For a moment she thought she’d gone too far. His eyes blazed as he pushed away from the rail. Every muscle in his lean torso was tensed, like that of a beast preparing to pounce, and she stepped back from him instinctively, her hand going to her throat.

“Trust me,” he finally said, in a low voice edged with anger, “you don’t want to know.”

Turning on his heel, he stalked off toward the foc’sle, leaving her to stand there shaking.

 

With a cursory glance at the compass, Gideon turned the wheel a quarter-turn. The rays of the afternoon sun slanted across the ship’s stern, warming his head and back. Unfortunately, he was already too warm, thanks to Sara Willis.

He’d avoided her the whole day by giving Barnaby charge of her, but it hadn’t stopped him from thinking about her. That business about her mother had taken him by surprise. A reforming woman married to an earl. Amazing.

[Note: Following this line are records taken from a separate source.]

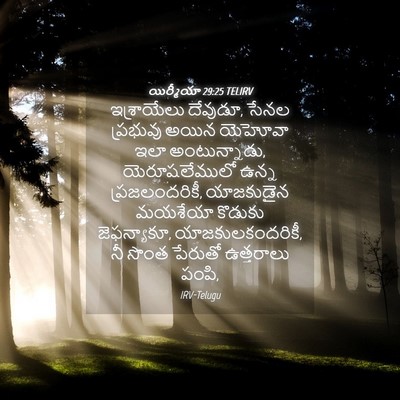 Picture 04 - యిర్మీయా 29:25 TELIRV - ఇశ్రాయేలు దేవుడూ, - Bible Verse Picture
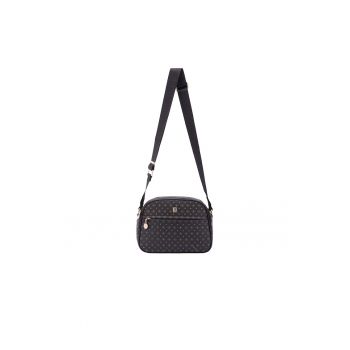 Geanta crossbody de piele ecologica cu model si bareta cu logo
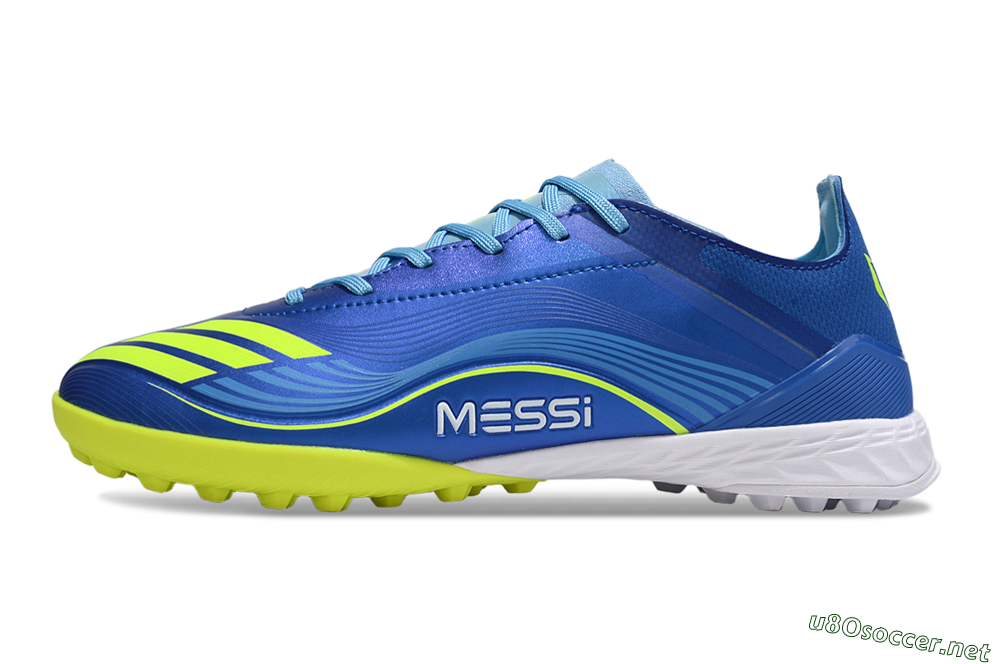 Men's Messi x Adidas F50 Pro TF Football Shoes - Blue/Electric Blue/Lime Green 0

Of course, it probably hadn’t been as dramatic as Sara had implied. Her mother’s reform efforts, and Sara’s, too, must have been limited to protected situations. Gideon had held enough English earls at swordpoint to know that they were a cautious, haughty lot who didn’t allow their female relatives to travel about getting their
hands dirty with the concerns of the poor.

Still, Sara
had
taken passage aboard the
Chastity
. She
had
argued for the convict women without concern for herself. Now that he thought about it, the only reason she’d told him that her stepbrother was the earl was to try to convince him not to take the
Chastity
. That wasn’t the act of a timid or fastidious woman.

A smile touched his lips. Sara was about as timid as a warship. A very pretty warship, with sleek lines from stem to stern, but still a warship, intended for battle. When it came to the women and their well-being, she fought like any well-gunned brig. Her courage was daunting…and sobering. In his more frustrated moments, she even had him questioning his decision to take the convict ship.

Then again, that confounded soldier in skirts would make any man question his actions. God help the man who married her. She’d hound him night and day and never give him a moment’s peace.

Except when he was making love to her. He groaned. Why was it every time he thought of Sara he imagined her in bed, her slender arms outstretched, her eyes shrouded in mystery as she beckoned to him like a siren calling a sailor?

No, not to him. Some other man must wreck himself on that shore, because it wasn’t going to be him.

But then some other man would have the delightful experience of kissing her, of touching her silken hair, of stroking her naked body—He let out a low oath as his body instantly responded. If he didn’t stop thinking about her, he’d go insane. Or have to spend the rest of his life taking cold baths.

“Gideon, you’d best go below and hear what that woman’s teaching in her school,” said a voice behind him.

Gideon turned to find Barnaby standing at the top of the ladder to the quarterdeck, an amused look on his face. There was no need to ask who “that woman” was.

“Nothing she says or does would surprise me.” Gideon faced the helm once more, putting his back to Barnaby. He wasn’t about to go anywhere near Sara again, not the way he was feeling now. Let Barnaby deal with her today.

“Maybe not, but that doesn’t mean it’s nothing to worry about. You’ve got more schooling than I have, but isn’t
Lysistrata
the play where the women refuse to have relations with their husbands until the men agree to stop going to war?”